Fishing reports have been noticeably less this year with anglers facing adverse travel conditions. Early-season snows on top of thin ice have created slushy conditions. As most ice in the county is more than safe for angling, there’s still a layer of water trapped in the snow. Anglers have been dealing with unplowed snow and rutted up landings, keeping many ice houses from being pulled out. Those who make it out have mostly been reporting good catches. Northern pike on Lake Wausau is still the topic of conversation. The largest to date went 39 inches and was caught on a golden shiner. Perch, bluegills and crappies have been reported throughout the region. The walleye catch seems to be a bit slow, with few reports, if any, of walleyes in the area. Our fishing calendar shows moderate to good fishing until Feb. 19 and good to excellent fishing from Feb. 20 through the end of the month.

Riverside Rentals & Bait Shop, (715) 574-1771.
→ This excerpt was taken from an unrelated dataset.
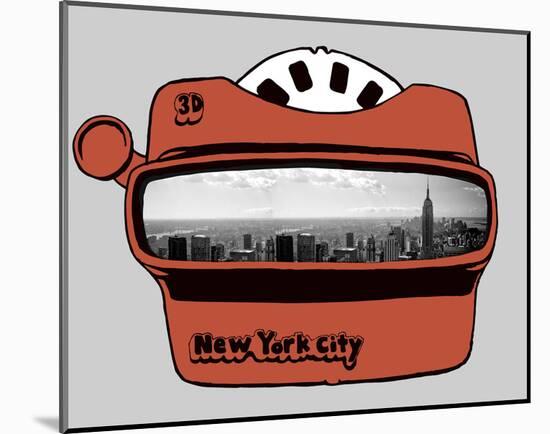Viewmaster-Urban Cricket-Mounted Art Print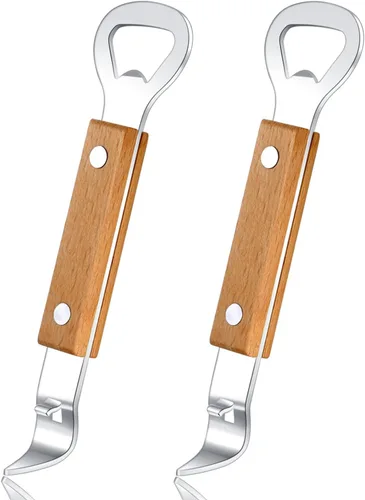 Vista 9 de HANCELANT Abrebotellas perforador, abrelatas manual de acero inoxidable, paquete de 1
Clear skies brought cold nights last week, freezing up hard the mess from the previous weekend. Travel is good for snowmobiles and ATVs. Despite ice thickness to 18 inches in some areas, the quality of ice keeps most anyone from recommending any truck or car travel.


Bluegills and crappies: Good to fair. Action slowed as the week progressed. It could have been the pressure of new ice being formed, or higher barometric readings. Some bluegills are in as shallow as 4 to 5 feet, but most anglers are working 7 to 12 feet where they are also finding crappies.


Northern pike: Good to fair. The best action has been on shiners or suckers.


Yellow perch: Fair to good. The cold snap actually opened up areas to fish perch that had been tough to reach previously – mud flats of 18 to 30 feet. 


Walleye: Fair. Action is relegated to an evening bite mostly; well after dark on the full moon weekend. Suckers are the top choice for tip-up bait. A few anglers caught fish while jigging spoons tipped with minnow head.

Island Sport Shop, (715) 356-4797.

J and J Sports, (715) 277-2616.


The recent blasts of cold weather have tightened things up considerably as far as the slush situation goes. Fishermen are now traveling around fairly well on snowmobiles and ATVs. The panfish and pike bite is decent and the walleye bite has been predictable during the normal feeding windows of dawn and dusk.